But let’s get to the episode. Basically, the Star Trek budget was used for another series set on Earth in 1968 (contemporary with the making of Star Trek) whose protagonist is Gary Seven (Robert Lansing) going around like a James Bond villain with a black cat (who then turns out to be a ravishing girl played by April Tatro) and with a small hyper-technological tool capable of doing a thousand different things. It’s hard to understand what Gary Seven is doing and I found it curious that in the episode he’s sort of the antagonist of Kirk and Spock most of the time. Gary Seven is accompanied by the cat and by a secretary (played by Teri Garr) who I believe in the intentions of the writers was the comic relief of the series.
I admit that it’s a bit difficult to review this episode: it’s not Star Trek at all! Kirk and the others wander around and observe what’s going on but the real protagonist is the mysterious Seven: who is he? Who does he work for? What exactly is he up to? And why does he manage at first to overpower four crew members (including Spock!) and then he gets knocked out by a secretary armed with a cigar box? Then, I’m not a Doctor Who expert, but wasn’t Doctor Who an elegant guy who solves problems using a hyper-technological gadget? Because, let’s face it, even if I appreciate the anti-militarist message of the episode against the nuclear arms race of the sixties, but here I guess that I should talk about the (failed) idea of creating a new series, right? Assignment: Earth really took me by surprise…
In short, this is not the second season finale that we needed nor the one we deserved, to paraphrase The Dark Knight (2008).
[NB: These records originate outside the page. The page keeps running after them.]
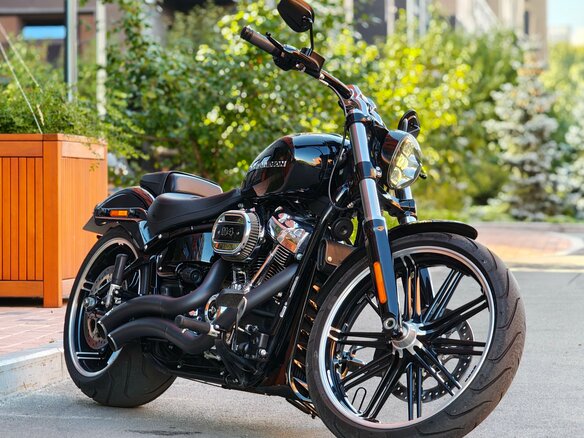 2021 Harley-Davidson Breakout, чёрный, 2135000 рублей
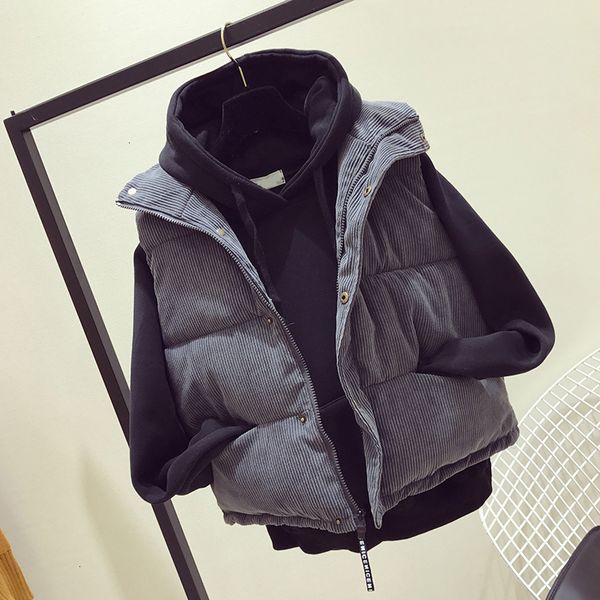taotrees autumn and winter female casual minimalist solid color large-code thick vest sleeveless short horse clip, Black;white
taotrees autumn and winter female casual minimalist solid color large-code thick vest sleeveless short horse clip, Black;white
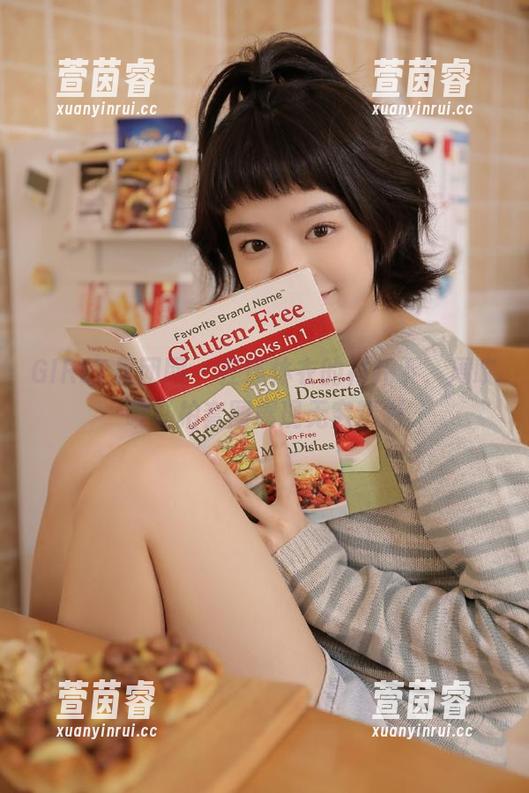 GIRLT果团网 - 在连体衣的衬托下，周晓唯私拍套图展现无穷精彩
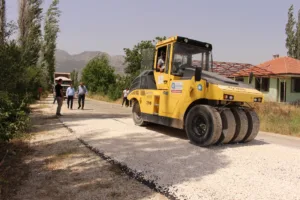Elmalı-Akçay grup yolunda sathi asfalt çalışması başladı - Mega TV Elmali Akcay grup yolu 3 min - Mega TV
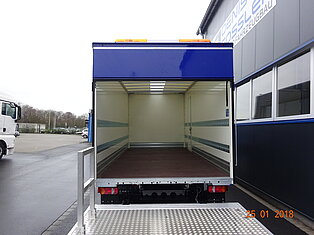Leerer LKW-Anhänger auf einem Parkplatz.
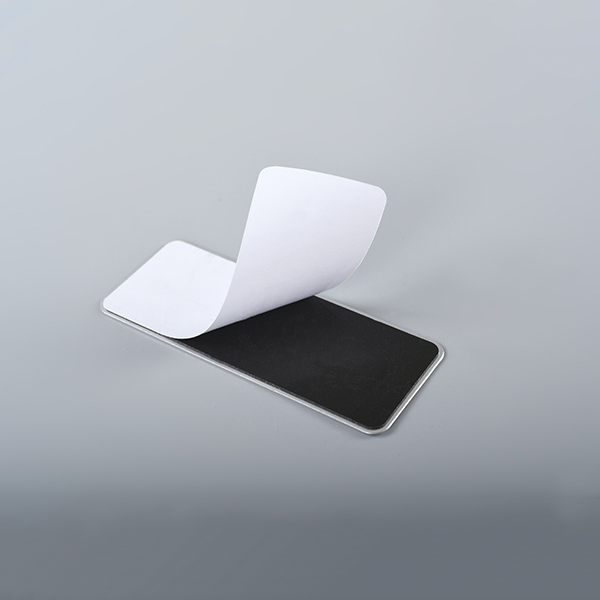 Namensschild aus eloxiertem Aluminium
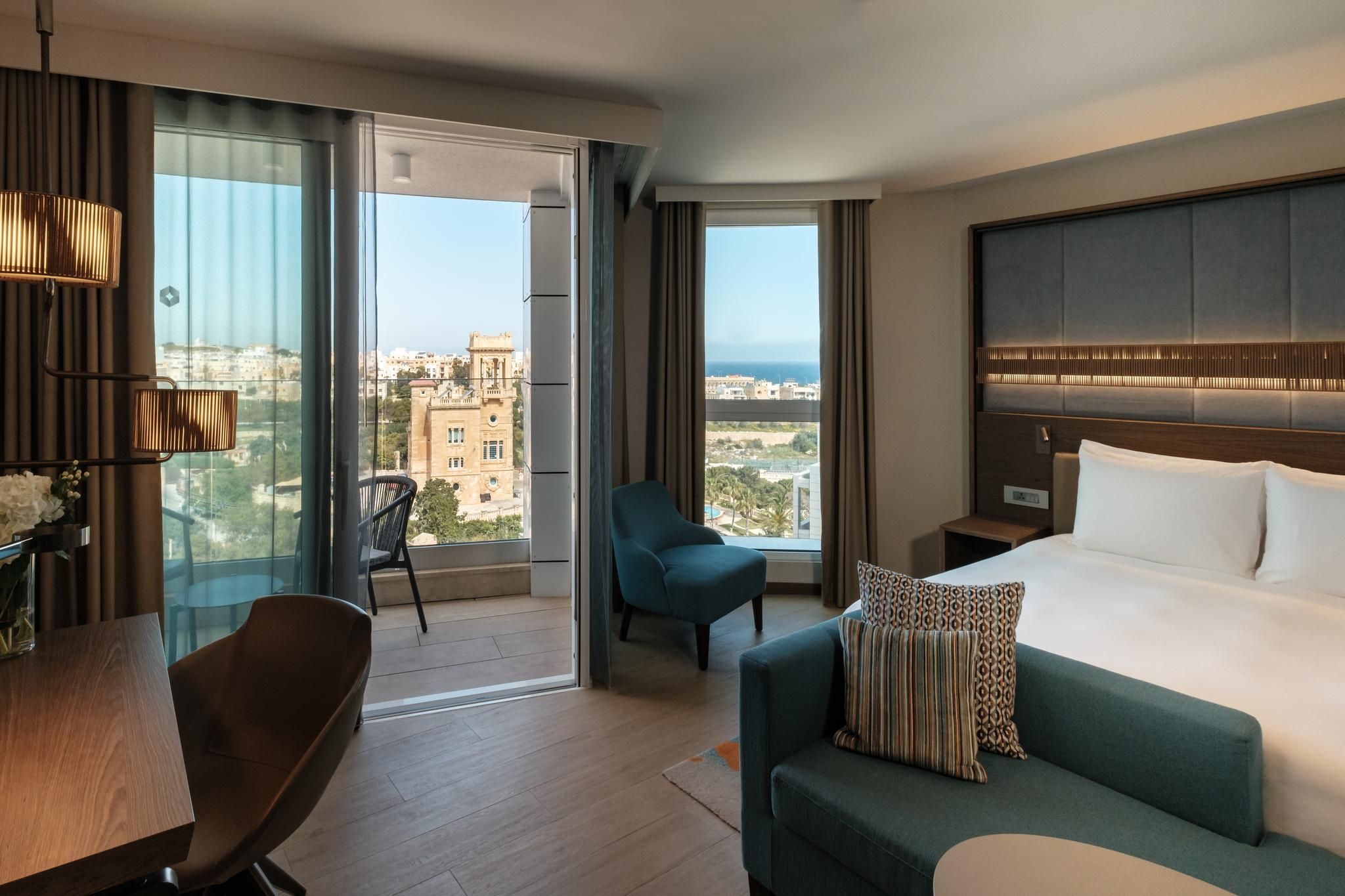 Junior Suite 1 King Bed Pjazza View And Balcony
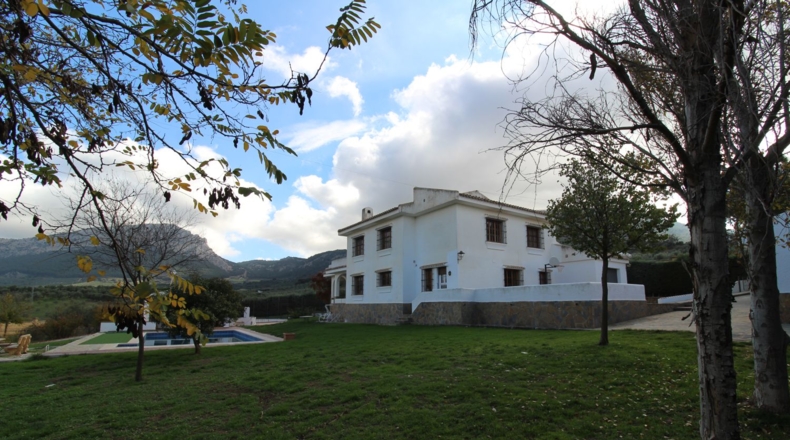 Málaga - Villanueva del Trabuco - 6000m2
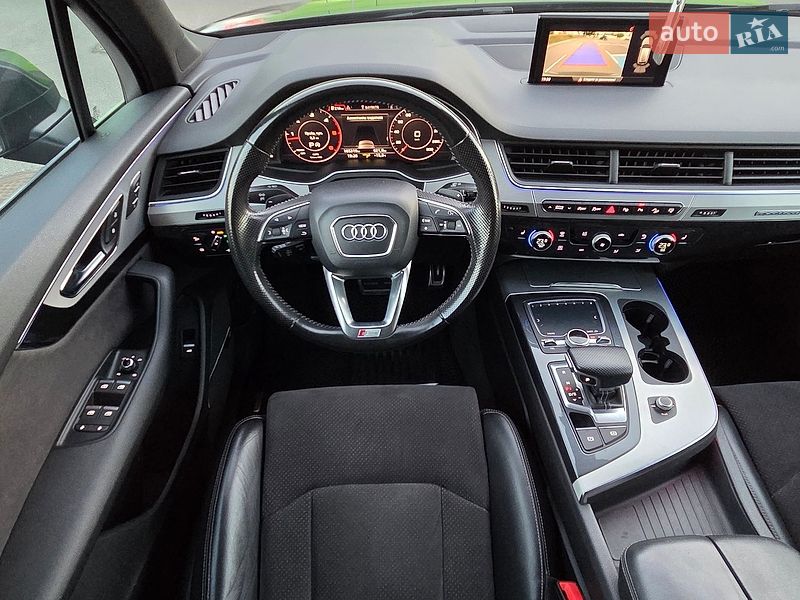 Позашляховик / Кросовер Audi Q7 2015 в Києві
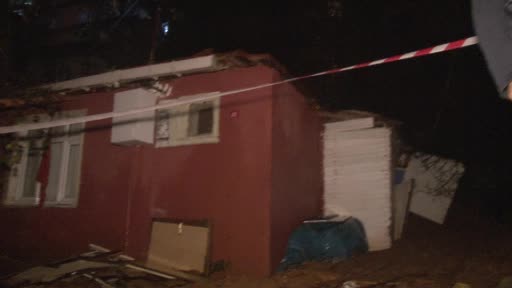 Beykoz’da fırtına ve şiddetli yağış nedeniyle toprak kaydı: 3 ev boşaltıldı.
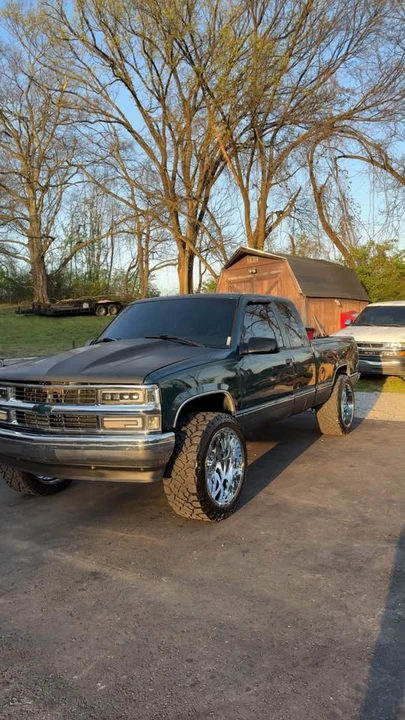 1996 Chevrolet C/K 4th Gen - Image 2 of 9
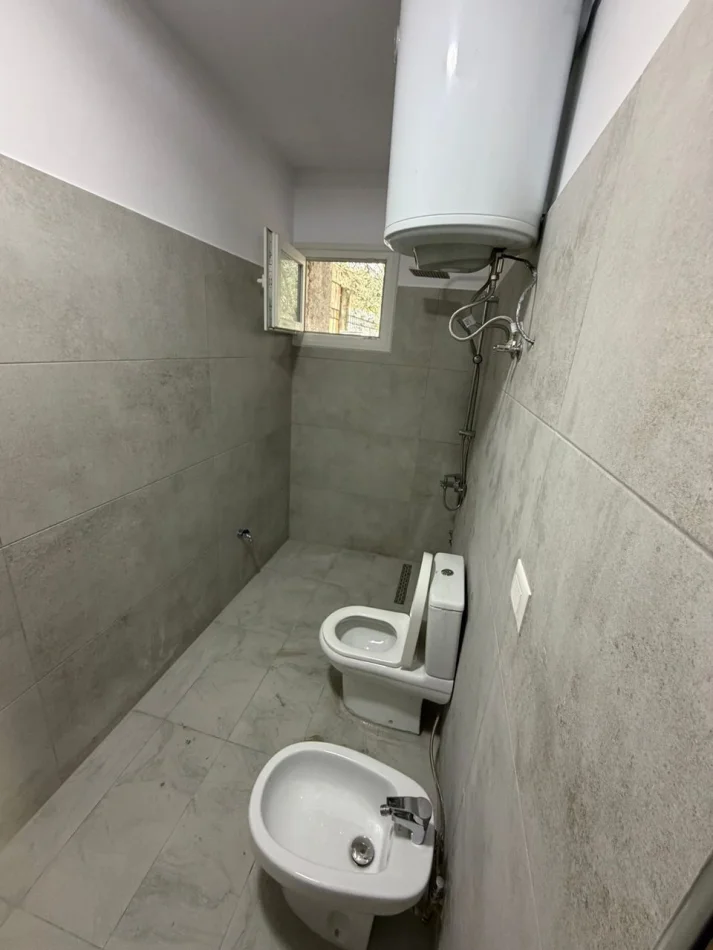 Tirane, jepet me qera apartament 2+1 Kati 1, 90 m² 450 € (Shkozë)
Furthermore, if we stop for a moment and look behind, it seems clear to me that this season is without a doubt inferior to the first one: even if there are plenty of good and even fundamental episodes for the Star Trek universe (Amok Time, The Doomsday Machine, Mirror , mirror, The Trouble with Tribbles…), most episodes simply recycle ideas seen in the first season (Who Mourns for Adonais?, Catspaw…), or are poorly executed (Friday’s Child, Wolf in the Fold…), or both (The Gamesters of Triskelion above all). If this is the trend, I don’t expect too much from the twenty-four episodes of the third season, although I’m sure there will be some nice surprises! Ciao!
PS: no expense was spared to use NASA archive images in this episode!